Bermuda has enjoyed a long history of capital raises from existing reinsurers, together with an influx of new, highly capitalised reinsurers in the wake of major catastrophes and subsequent hardening markets.
Investors typically race to replace capacity lost in the reinsurance markets, and Bermuda has been the major beneficiary.
But following the high catastrophe experience through 2022, not so much.
Mr Adderley does believe it is coming as the year progresses.
He is quoted by Artemis: “I think that money will come in, but I don’t think it is going to rush.”
He said: “It’s a beautiful, perfect storm and, obviously, more capital will come in, it will have to in order to account for the hundreds of billions of dollars that have been lost in the last four, five years.”

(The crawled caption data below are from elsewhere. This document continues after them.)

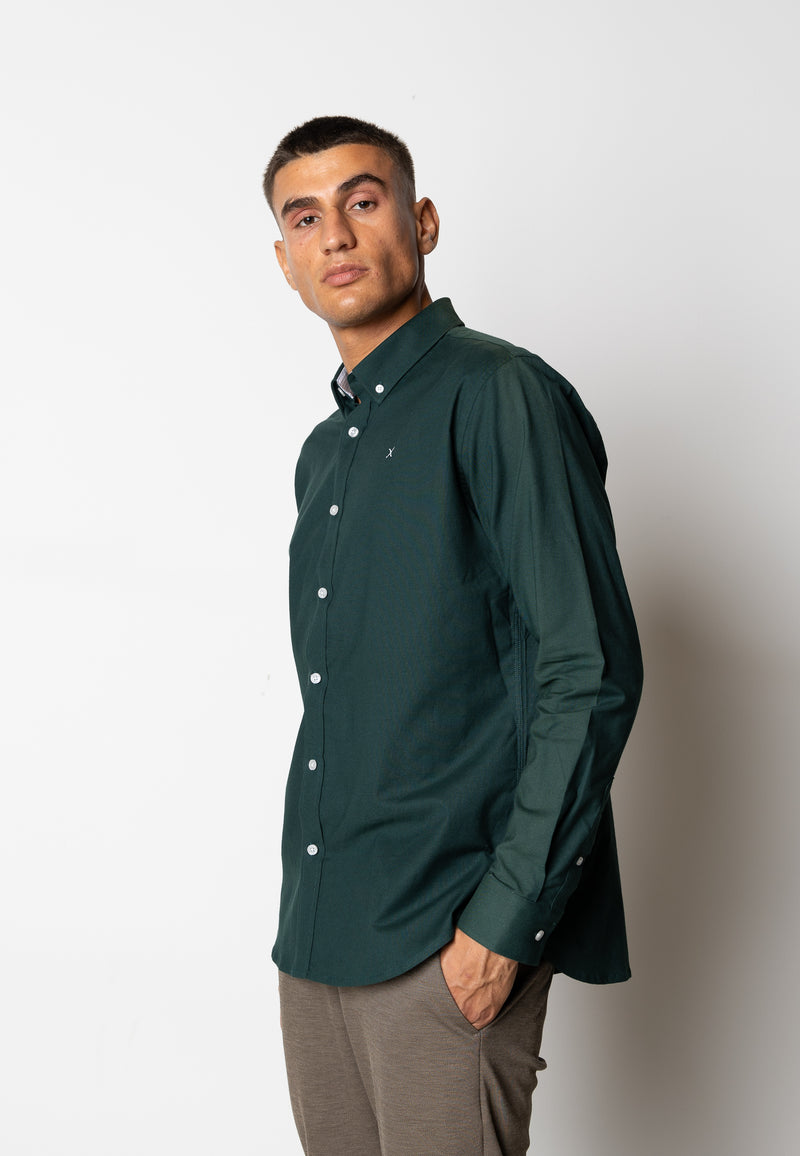 Clean Cut Copenhagen Oxford stretch shirt Skjorte L/S Deep Green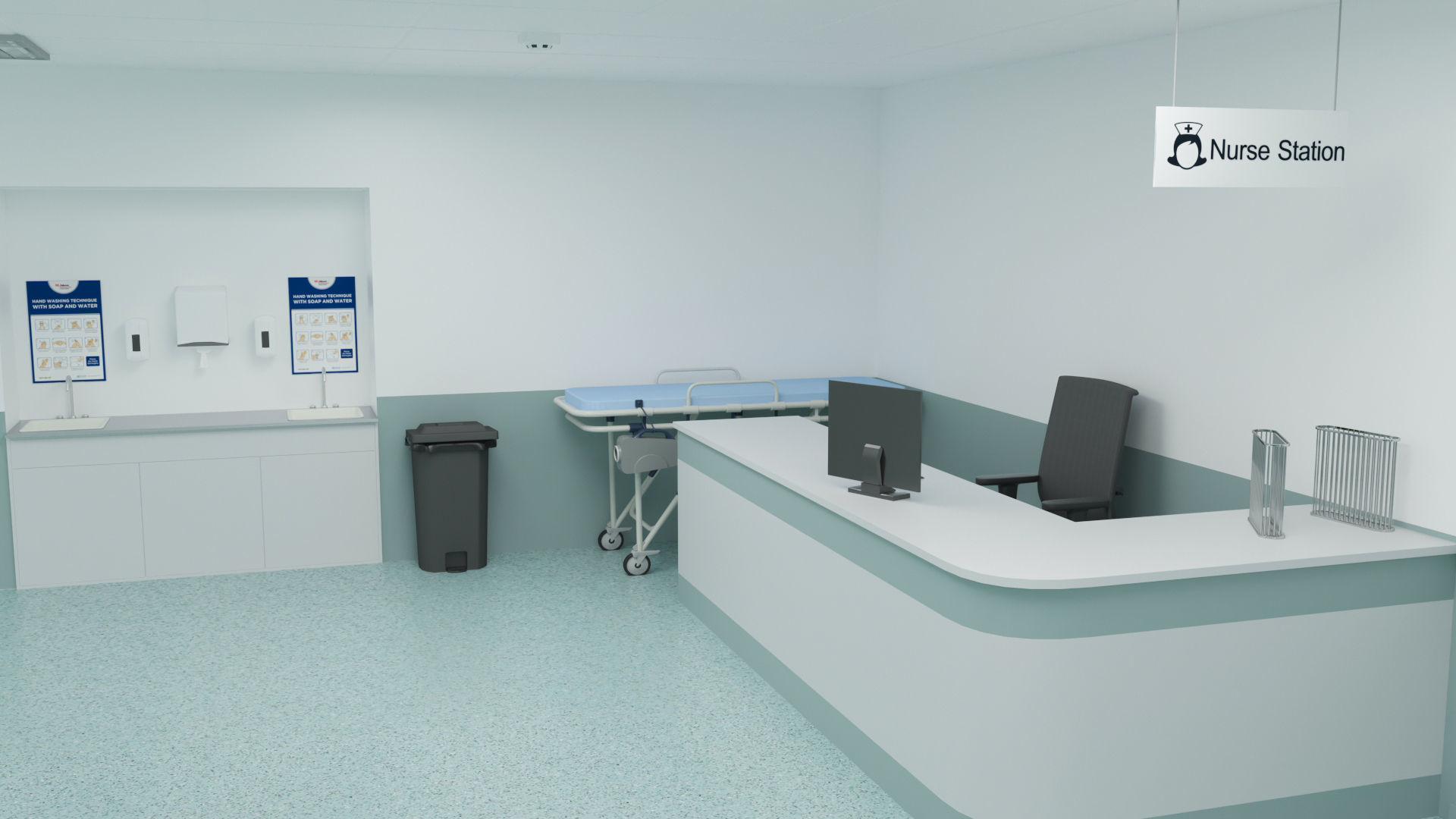 Hospital Ward And Hallway 3D 3D model_8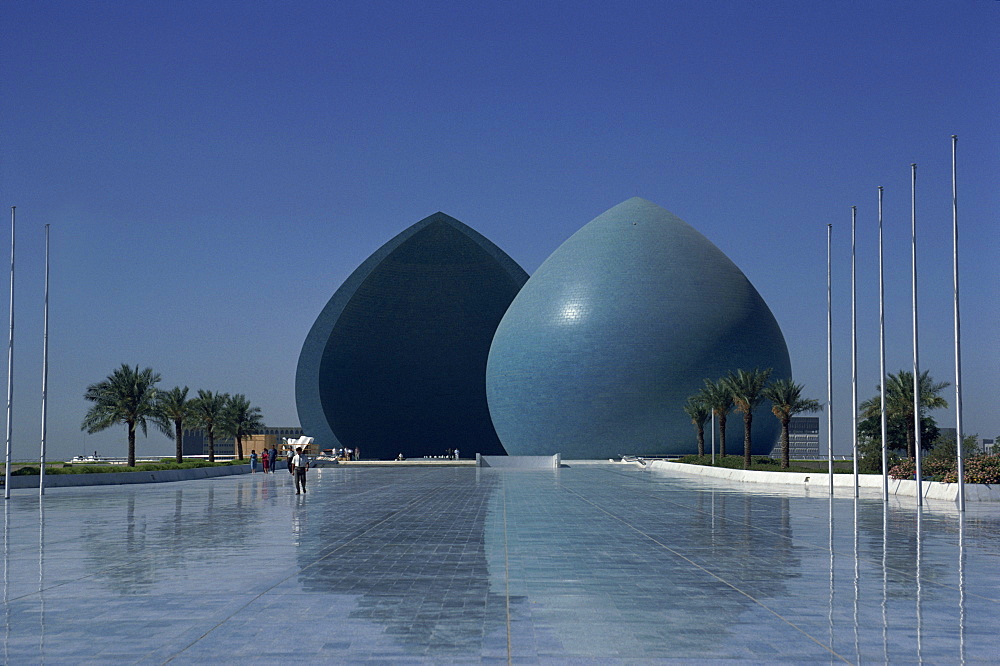 Blue structures, Martyrs Monument, Baghdad, Iraq, Middle East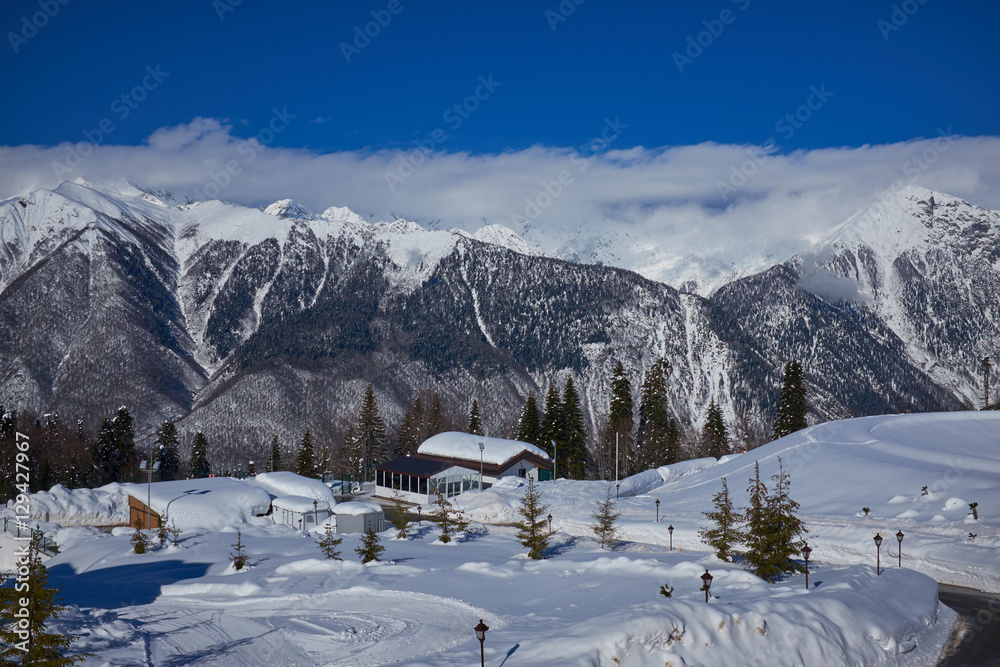 Winter mountains panorama with ski slopes. Caucasus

“So, at a certain point, you can’t have this industry continue to lose money and (not) expect more money to come in. And even if $20 billion came in, is that really going to move the needle?”
“I expect this hard market could last for three to five years so something to keep our eye on.”
He was commenting on the Artemis report, Q4 2022 Catastrophe Bond & ILS Market Report.
It showed that fourth-quarter catastrophe bond issuance significantly dropped year-on-year and came in below the ten-year average for the quarter.
Mr Adderley said: “For me, the fact that certain deals have not been done this year-end, compared to the days where all deals would always get done, leads me to question if 2023 can be another record year.”
He added: “On top of this, it could also be the case that less people come to the market because they’ve heard stories that deals aren’t getting completed.”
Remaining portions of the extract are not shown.